In other recent studies, 17β-estradiol stimulated NO release from human monocytes and endothelial cells by acting on an estrogen surface membrane receptor.52 54 In our studies, nanomolar concentrations of ICI-182,780 did not block the stimulatory action of estradiol on cNOS, whereas tamoxifen was inhibitory at nanomolar concentrations.

In regard to leukocytes, estrogen down-regulates many cell functions including chemotaxis and phagocytosis.1-12,66,67 This conclusion is supported in the present study, which demonstrated that estrogen-stimulated NO release initiates granulocyte rounding, a condition that inhibits the cells from moving and changing conformation in order to initiate phagocytosis. NO-stimulated cell rounding has been associated with an inhibition of adherence, thus further inhibiting a cell's ability to respond to chemotactic signals.68 The NO-associated down-regulation can also be initiated by inhibiting the adhesion potential of the leukocytes and endothelial lining of the vasculature.3,13-15 It is interesting to note that morphine and anandamide, via their respective cell surface receptors, release the same level of NO and initiate the same level of monocyte and granulocyte down-regulation as estradiol.47,52,68 Thus, estrogen exerts its immunocyte down-regulation1-12 67 via the NO mechanism.
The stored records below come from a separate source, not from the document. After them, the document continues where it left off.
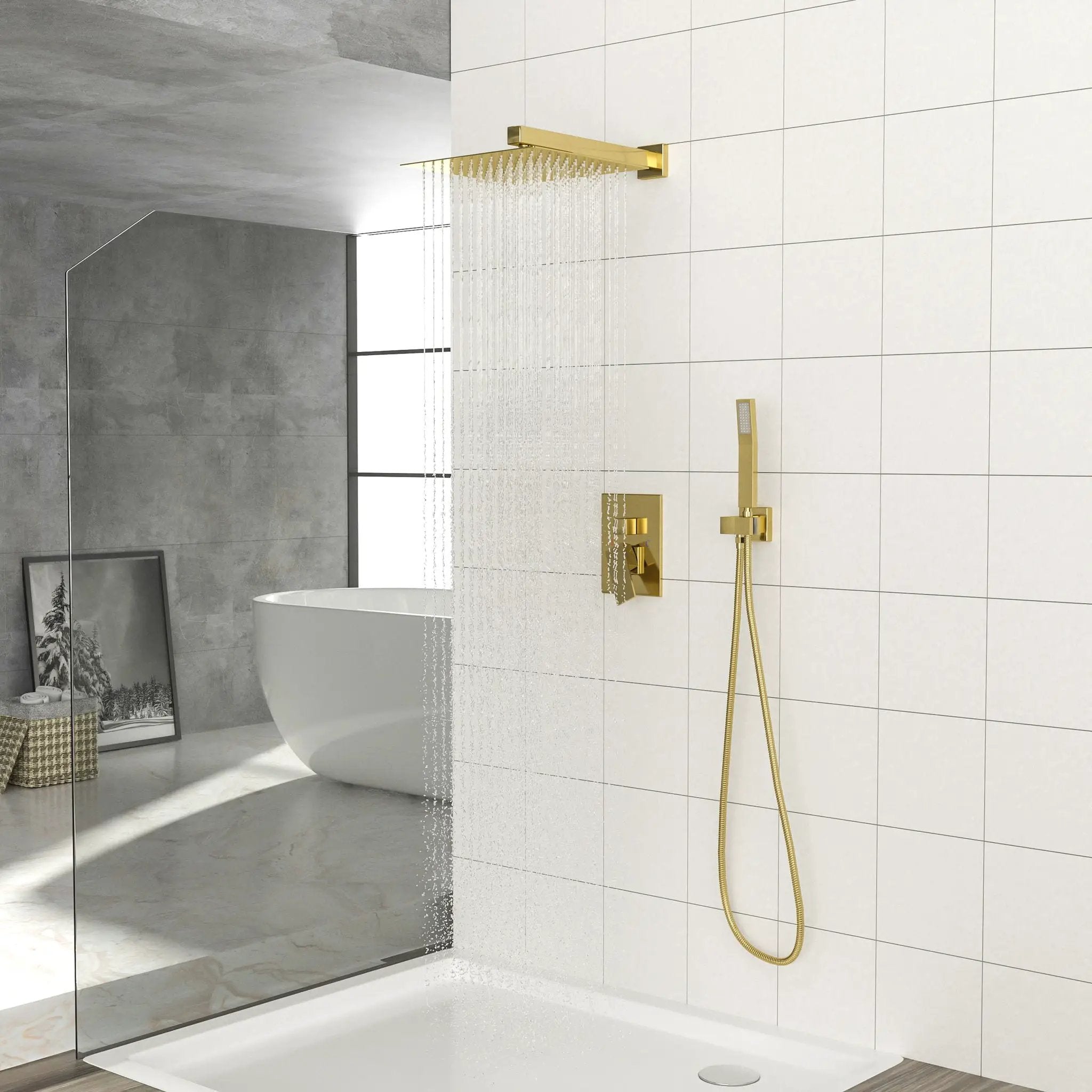Dual Shower Head 10" Wall Mounted Square Shower System by HouseOfZazla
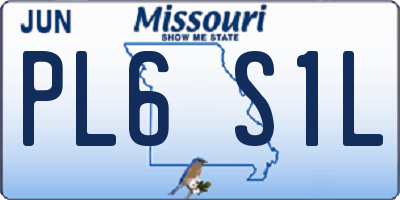 MO license plate PL6S1L
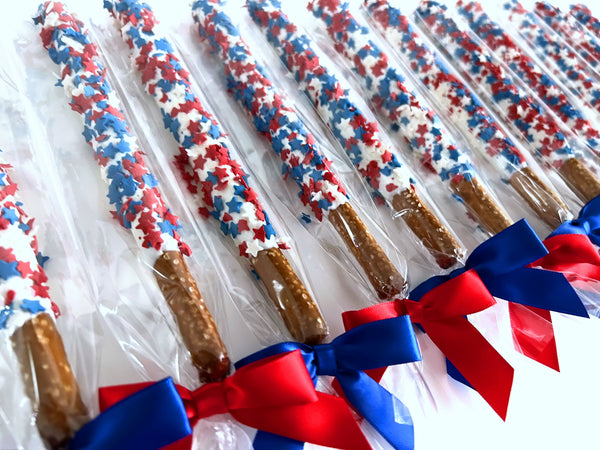 Patriotic White Chocolate Covered Pretzel Rods - Topped With Red, White, & Blue Stars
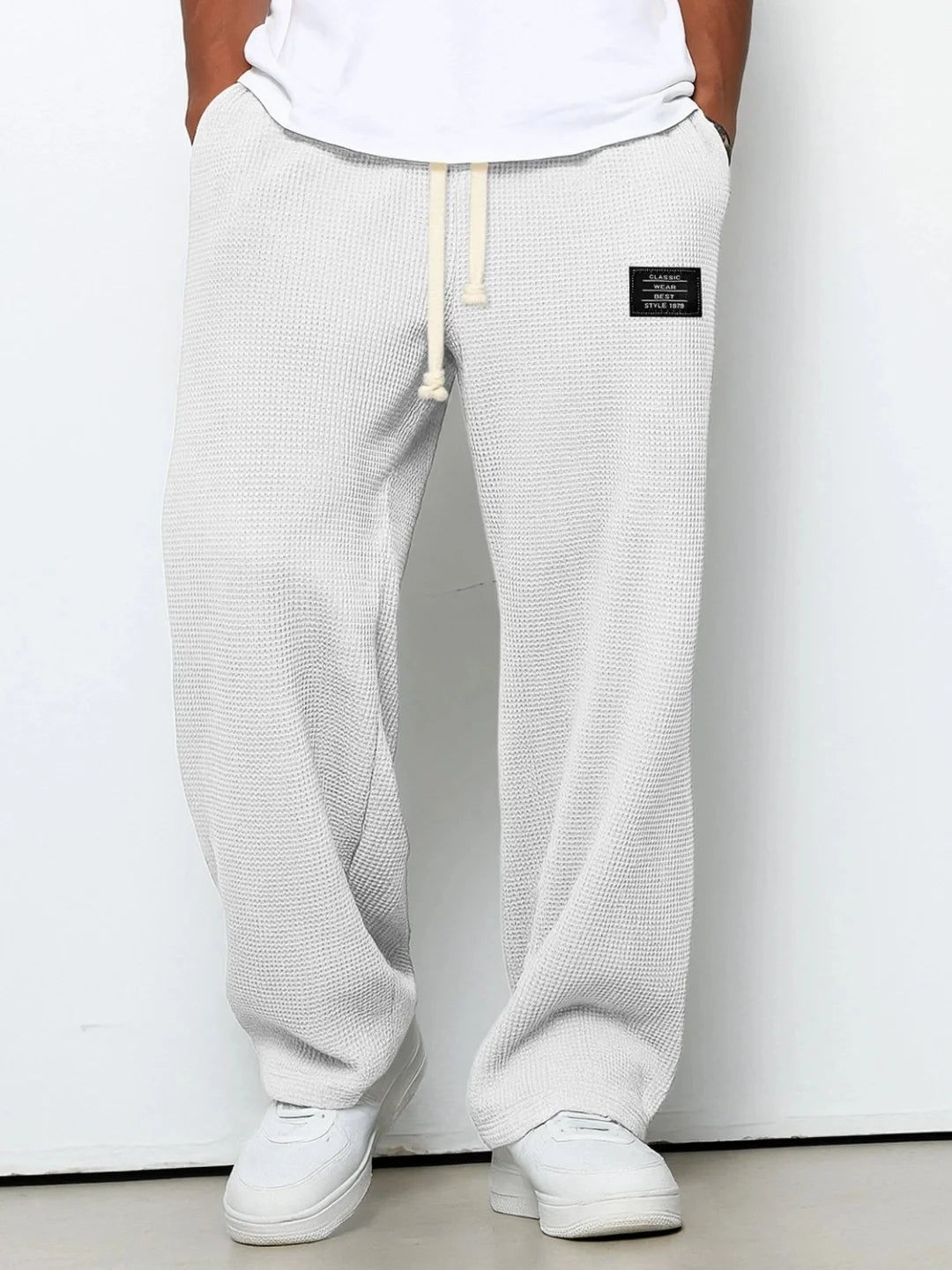 Men's spring-summer trendy brand loose-fitting stretchy straight-leg sweatpants. Waffle fabric. Micro-bouncy sporty casual pants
While our studies demonstrate a reduction in cell adherence, others have found that in contrast, 17β-estradiol enhances cellular adherence via a cytokine association.69,70 In these studies, however, endothelial cells were exposed to 17β-estradiol for 3-24 hours. In the past we have demonstrated that exposure of endothelial cells or leukocytes to NO donors, SNAP, cNOS stimulators, or morphine results in a biphasic effect.46,68,71 First, NO exposure (at the levels achieved here with estrogen stimulation) inhibits the cells, which become round, nonadherent, and immobile. After some time, depending on the concentration of NO, there is a rebound from NO-stimulated inhibition. In this rebound stage the cells are hyperactivated, exhibiting amoeboid conformations, enhanced adherence, and motility.46,68,71,72 This last stage occurs hours after the initial exposure to NO or NO-stimulating agents. Therefore, we suggest that in the studies demonstrating 17β-estradiol–enhanced cytokine-associated adherence, this last stage results from a rebound of NO-stimulated cellular down-regulation. This hypothesis is supported by the fact that morphine and anandamide, an endocannabinoid, both cause cellular down-regulation through the release of NO in the same tissues, at NO concentrations similar to those released by 17β-estradiol.46,68 71 

Our results are further supported by studies demonstrating that cells expressing ERα and ERβ target the protein to both membrane and nuclear fractions.32 While our RT-PCR results suggest the presence of only ERα transcripts in granulocytes, we do not know if these are the receptors that mediate NO release in response to 17β-estradiol. While recent studies have identified several variant ER transcripts,73 Chen et al31 have shown that expression of ERα and ecNOS in COS cells can reconstitute the acute response of NOS to 17β-estradiol. (The COS-7 fibroblast-like cell line is SV40 transformed and established from a kidney cell line, CVI, of the African green monkey.) This shows that ERα alone can mediate this effect.

Finally, our results are supported by other functional studies that demonstrate a rapid-acting vasodilatory role for estrogen-mediated NO release59 and the potential74 to diminish granulocyte and monocyte adherence.68 The significance of these processes may correlate with the beneficial activities reported for estrogen in vascular tissues and those pathologies associated with immunocyte activation such as atherosclerosis.75 Indeed, the vascular protection afforded premenopausal women may well be due to estrogen's capacity to down-regulate leukocyte and endothelial excitation and thus interaction. These findings promise to open new areas of investigation to better understand the mechanisms by which estrogen and the drugs that inhibit its action mediate their clinical effects. These studies further demonstrate the significance of granulocytes and monocytes in their potential to affect other tissues via common signaling molecules.